Melanson's work days as a nurse are jam- packed. She might find herself driving up and down Barrington Street, looking for a man who's wounds she knows need attention. The next minute she could wind up trying to gently broach the subject of detox with a homeless man who's been kicked out of several shelters due to his substance abuse. Then she might get a call from a local shelter, asking her to help an intravenous crack user find alternate injection sites on her body.

Melanson says it's a common misconception that people who use drugs intravenously don't care about their health: "A lot of the people that we meet, who are using intravenous drugs, are quite interested in their own health---in checking that they are OK and that they haven't contracted anything," she says.

"They go all over Halifax and Dartmouth and they go to the addicts with clean needles, condoms, stems---stuff like that," explains Denny in approval. "There's a lot of homeless people that need their help."

When MOSH began back in 2009, they gained the community's trust by working closely with Halifax's Mainline Needle Exchange. "I'm so appreciative for partnering with them," says Mainline program director Diane Bailey. Mainline and MOSH's joint services are crucial, as injection drug users account for almost 18 percent of HIV cases in Canada, and over a quarter of those living with HIV/AIDS don't know that they've contracted the disease.

"We've prioritized trying to work with people who are HIV positive in terms of supporting them to get appointments at the infectious disease clinic," explains Melanson. MOSH helps people who've just started taking an anti-retroviral cocktail stick to their regime, organizing pills in containers stamped with the day of the week. They also help people get to and from their methadone appointments.

Homeless and insecurely housed youth are at a heightened risk of contracting HIV/AIDS as well. Youth between the ages of 20 and 29 account for over a quarter of all positive HIV test reports. A 2007 study, "Syringe sharing among young drug users in Vancouver," revealed that street-involved youth who inject drugs also display a high-level of borrowing or lending syringes, adding to their vulnerability to HIV/AIDS.

Dorothy Patterson, who works at ARK Outreach Centre, says MOSH's services are essential to ARK's homeless youth clientele. MOSH nurses head to ARK twice a week, offering one-on-one care to ARK's clients. "ARK interacts with some of the most marginalized youth in our country," Patterson explains. These youth often face significant barriers to accessing health care, including "lack of identification, unpredictable schedules, no income and often discrimination by medical services unfamiliar with the realities of homelessness."

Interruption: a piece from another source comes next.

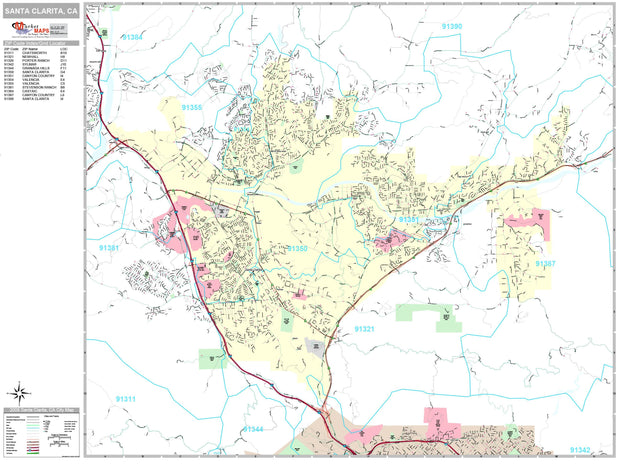 Premium Style Wall Map of Santa Clarita, CA by Market Maps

Melanson would like to tackle homelessness head on. For her, the key to health in our communities lies in addressing the causes---not just the symptoms---of poverty by expanding affordable housing. "People need stability and they need that anchor---that place where they put the key in the lock. We need to have a municipal and provincial government that thinks about those things and puts them on the agenda."